Find things you enjoy (and will actually do) — As I mentioned earlier, I was a personal trainer/fitness instructor for a couple of years. When I left that job I spent YEARS not doing any kind of strength-building exercise because I felt like I knew how to do the things so I should just do them at home… however, I NEVER did them at home. I really need the structure of classes to keep me going. Then in 2017 I started going to a Pilates studio that I had been walking by for years. There I discovered classes I enjoyed, amazing, non-judgmental teachers who I love (check it out, my studio and one of my favorite teachers are on this list of body positive workouts at #3!), exercise that makes me feel great, and, just in general, a place I LOVE going. So now I’m at Cascadia Pilates all the damn time.
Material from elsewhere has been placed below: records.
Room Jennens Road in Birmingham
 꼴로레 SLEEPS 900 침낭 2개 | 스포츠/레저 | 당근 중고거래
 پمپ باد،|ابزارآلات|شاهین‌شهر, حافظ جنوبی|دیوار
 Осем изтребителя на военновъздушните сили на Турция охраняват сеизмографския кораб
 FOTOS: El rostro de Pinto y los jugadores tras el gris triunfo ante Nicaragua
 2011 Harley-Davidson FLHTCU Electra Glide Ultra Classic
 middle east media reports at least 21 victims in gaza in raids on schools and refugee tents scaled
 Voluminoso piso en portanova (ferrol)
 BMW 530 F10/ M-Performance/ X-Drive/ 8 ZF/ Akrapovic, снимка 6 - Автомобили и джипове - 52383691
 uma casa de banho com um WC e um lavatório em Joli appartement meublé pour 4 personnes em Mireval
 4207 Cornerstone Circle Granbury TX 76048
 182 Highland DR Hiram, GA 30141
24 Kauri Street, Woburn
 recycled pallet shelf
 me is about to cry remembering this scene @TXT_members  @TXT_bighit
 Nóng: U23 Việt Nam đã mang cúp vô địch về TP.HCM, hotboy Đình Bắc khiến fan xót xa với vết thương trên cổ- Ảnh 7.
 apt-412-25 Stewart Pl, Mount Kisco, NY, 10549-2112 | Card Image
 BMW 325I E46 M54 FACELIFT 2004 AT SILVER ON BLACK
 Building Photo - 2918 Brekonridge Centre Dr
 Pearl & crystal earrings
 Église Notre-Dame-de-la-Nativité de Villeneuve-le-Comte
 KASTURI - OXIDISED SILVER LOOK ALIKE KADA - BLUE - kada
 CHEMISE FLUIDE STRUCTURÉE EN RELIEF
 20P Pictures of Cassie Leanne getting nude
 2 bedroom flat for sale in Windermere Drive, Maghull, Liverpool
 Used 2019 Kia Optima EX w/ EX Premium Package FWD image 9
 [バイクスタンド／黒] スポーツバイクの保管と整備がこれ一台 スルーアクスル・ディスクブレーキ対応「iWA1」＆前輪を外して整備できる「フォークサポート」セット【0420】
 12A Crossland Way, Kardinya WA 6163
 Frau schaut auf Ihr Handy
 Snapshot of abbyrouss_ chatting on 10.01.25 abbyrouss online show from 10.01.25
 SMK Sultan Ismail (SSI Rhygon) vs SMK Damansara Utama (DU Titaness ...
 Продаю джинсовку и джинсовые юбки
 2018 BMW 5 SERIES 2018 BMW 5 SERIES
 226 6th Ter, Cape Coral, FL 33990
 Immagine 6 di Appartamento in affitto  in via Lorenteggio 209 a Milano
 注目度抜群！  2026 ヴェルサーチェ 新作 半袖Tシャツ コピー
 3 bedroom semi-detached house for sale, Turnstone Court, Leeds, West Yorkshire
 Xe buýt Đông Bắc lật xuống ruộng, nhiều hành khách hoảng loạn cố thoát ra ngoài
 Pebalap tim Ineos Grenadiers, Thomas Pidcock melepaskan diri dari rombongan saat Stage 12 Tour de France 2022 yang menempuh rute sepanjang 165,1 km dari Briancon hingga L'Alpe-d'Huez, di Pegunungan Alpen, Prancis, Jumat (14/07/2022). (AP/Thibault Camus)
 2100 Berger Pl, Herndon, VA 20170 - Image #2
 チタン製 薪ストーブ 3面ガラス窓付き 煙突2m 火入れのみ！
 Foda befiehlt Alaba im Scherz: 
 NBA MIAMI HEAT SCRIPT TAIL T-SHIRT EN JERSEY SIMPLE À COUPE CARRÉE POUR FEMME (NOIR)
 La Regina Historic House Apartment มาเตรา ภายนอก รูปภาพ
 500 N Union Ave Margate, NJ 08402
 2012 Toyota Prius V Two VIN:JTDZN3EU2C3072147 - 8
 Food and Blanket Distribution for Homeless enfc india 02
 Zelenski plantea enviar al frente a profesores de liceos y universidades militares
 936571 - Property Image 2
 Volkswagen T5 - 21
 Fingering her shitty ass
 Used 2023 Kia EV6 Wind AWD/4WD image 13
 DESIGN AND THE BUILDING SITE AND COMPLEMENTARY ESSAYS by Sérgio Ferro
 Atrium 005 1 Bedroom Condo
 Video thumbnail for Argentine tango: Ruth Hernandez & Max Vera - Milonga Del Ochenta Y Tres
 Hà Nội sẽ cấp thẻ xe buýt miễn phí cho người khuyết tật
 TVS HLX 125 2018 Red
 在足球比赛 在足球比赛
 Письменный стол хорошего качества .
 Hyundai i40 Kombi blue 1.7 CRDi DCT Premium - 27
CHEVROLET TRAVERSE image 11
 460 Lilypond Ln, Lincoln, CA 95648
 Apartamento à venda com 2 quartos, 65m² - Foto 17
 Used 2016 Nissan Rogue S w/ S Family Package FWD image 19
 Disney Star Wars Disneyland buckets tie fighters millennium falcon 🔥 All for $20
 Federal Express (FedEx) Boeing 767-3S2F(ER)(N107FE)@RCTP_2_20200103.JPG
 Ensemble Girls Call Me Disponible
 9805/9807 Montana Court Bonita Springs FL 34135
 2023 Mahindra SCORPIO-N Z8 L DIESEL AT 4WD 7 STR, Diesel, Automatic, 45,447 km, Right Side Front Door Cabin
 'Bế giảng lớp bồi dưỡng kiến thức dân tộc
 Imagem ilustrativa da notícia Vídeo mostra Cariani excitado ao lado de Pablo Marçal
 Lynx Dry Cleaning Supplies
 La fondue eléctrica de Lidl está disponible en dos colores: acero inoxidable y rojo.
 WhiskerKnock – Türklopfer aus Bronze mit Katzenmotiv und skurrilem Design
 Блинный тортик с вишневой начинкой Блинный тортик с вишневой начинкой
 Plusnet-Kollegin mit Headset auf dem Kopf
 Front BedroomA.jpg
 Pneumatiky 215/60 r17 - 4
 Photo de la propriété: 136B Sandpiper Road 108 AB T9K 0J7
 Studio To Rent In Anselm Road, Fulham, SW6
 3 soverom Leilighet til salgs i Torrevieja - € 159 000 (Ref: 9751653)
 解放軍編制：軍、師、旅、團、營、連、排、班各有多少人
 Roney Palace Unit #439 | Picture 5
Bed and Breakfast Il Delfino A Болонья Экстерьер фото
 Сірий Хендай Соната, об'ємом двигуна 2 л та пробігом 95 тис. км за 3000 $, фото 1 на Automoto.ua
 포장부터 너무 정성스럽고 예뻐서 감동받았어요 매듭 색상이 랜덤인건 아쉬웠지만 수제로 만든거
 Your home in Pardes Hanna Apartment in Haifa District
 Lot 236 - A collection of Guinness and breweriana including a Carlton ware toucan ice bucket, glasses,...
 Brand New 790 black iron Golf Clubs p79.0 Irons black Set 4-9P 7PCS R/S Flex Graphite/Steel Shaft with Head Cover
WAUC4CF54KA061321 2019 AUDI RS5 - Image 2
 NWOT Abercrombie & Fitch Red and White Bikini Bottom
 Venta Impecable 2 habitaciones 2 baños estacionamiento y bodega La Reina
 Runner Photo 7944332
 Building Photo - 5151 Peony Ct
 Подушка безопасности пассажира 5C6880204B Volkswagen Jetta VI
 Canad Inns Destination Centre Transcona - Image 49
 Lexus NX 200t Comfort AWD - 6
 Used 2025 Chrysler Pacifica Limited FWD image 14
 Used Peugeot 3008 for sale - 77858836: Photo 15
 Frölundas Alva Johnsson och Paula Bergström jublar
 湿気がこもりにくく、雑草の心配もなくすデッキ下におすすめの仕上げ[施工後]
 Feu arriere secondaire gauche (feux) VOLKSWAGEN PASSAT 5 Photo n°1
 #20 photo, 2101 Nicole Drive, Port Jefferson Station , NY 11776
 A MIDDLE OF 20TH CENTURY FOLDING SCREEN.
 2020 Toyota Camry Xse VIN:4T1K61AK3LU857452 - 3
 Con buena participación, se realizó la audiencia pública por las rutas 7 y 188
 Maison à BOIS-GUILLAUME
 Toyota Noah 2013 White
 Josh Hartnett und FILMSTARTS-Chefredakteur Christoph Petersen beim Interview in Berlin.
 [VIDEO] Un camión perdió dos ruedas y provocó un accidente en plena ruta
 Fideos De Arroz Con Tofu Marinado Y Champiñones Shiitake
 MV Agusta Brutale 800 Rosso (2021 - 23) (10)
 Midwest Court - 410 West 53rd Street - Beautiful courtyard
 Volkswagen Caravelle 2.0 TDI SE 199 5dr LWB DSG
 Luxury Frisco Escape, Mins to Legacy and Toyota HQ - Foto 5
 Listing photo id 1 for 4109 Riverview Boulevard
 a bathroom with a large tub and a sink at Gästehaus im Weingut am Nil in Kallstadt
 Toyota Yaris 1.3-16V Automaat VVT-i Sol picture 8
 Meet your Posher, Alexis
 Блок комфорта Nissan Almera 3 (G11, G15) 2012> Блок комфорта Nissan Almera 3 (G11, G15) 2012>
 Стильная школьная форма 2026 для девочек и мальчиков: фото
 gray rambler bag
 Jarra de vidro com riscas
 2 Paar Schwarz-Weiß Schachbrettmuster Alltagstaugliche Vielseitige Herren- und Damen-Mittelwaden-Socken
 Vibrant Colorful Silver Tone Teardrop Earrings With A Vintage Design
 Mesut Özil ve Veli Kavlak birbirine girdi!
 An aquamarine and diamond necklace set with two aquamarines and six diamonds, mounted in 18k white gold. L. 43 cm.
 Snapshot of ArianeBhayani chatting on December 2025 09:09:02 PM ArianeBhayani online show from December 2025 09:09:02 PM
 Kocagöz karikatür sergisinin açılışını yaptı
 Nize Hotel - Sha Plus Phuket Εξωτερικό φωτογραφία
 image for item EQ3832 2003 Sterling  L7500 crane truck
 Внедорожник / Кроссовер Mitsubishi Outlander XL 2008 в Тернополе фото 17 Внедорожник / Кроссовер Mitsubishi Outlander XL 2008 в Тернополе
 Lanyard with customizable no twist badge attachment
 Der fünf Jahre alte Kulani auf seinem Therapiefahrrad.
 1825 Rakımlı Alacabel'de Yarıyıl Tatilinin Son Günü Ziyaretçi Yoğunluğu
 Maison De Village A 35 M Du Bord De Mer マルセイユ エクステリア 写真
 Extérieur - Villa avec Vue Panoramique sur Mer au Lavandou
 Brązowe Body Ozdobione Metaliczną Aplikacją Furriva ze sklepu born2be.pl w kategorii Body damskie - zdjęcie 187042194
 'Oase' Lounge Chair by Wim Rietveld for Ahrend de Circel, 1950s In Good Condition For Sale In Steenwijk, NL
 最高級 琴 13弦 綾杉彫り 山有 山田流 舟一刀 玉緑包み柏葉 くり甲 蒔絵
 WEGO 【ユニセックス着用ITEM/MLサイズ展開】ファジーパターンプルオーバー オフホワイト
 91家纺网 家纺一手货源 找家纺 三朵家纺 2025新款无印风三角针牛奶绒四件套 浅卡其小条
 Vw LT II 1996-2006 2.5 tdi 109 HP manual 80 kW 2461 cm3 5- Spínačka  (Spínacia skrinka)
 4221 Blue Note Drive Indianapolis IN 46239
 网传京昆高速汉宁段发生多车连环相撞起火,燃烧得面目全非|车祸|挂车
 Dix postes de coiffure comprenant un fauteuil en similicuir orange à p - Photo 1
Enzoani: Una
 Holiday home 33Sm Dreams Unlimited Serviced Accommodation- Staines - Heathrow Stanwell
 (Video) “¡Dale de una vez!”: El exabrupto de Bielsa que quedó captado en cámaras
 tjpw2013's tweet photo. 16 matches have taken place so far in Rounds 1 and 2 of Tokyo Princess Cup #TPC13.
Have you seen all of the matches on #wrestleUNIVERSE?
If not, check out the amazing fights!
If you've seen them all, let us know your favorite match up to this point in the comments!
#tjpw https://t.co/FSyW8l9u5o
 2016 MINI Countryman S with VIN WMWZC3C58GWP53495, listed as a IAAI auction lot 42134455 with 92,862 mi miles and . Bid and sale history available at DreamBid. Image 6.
I’m struggling with my mental health (I keep crying during class, it’s weird), new meds, disordered eating, and horrible body image issues (the feeling that I don’t look like I “should” is strong these days) but at least once a day I get to go somewhere fun, where no one seems to notice those things. I get to interact with great people, breathe deeply, and appreciate my body and the things it can do. Seriously, it’s pretty awesome. I would not feel this way if I was forcing myself to go to “Big Bad Screaming Cardio Bootcamp (now with deadlifting!)” because I felt I “should”.
Tune out the noise — Exercise is one of those things that brings out strong feelings in people. It can feel hard to avoid the people who want you to believe what they do is the BEST (hell, I was once one of those people!), that you aren’t doing anything worthwhile unless it fits their idea of exercise (I recently read an interview with a trainer who criticized Pilates because people who do it “can’t get across a jungle gym” and I was left wondering “But why do I need to? What kind of playground apocalypse am I running from?”), and who demand that you combine your exercise with the current “cool” diet. Remember, your relationship with exercise is your own. None of that other stuff matters. Do what works and feels good for you.
Every couple of years some version of “exercise CURES depression” makes its way around the internet to fuel the unsolicited advice brigade but don’t let it get you down. You are not failing if you don’t start hitting the gym, you are not failing if exercise doesn’t chase away your depression, and you are not failing if you relationship with fitness looks totally different from someone else’s. In general, you are not failing.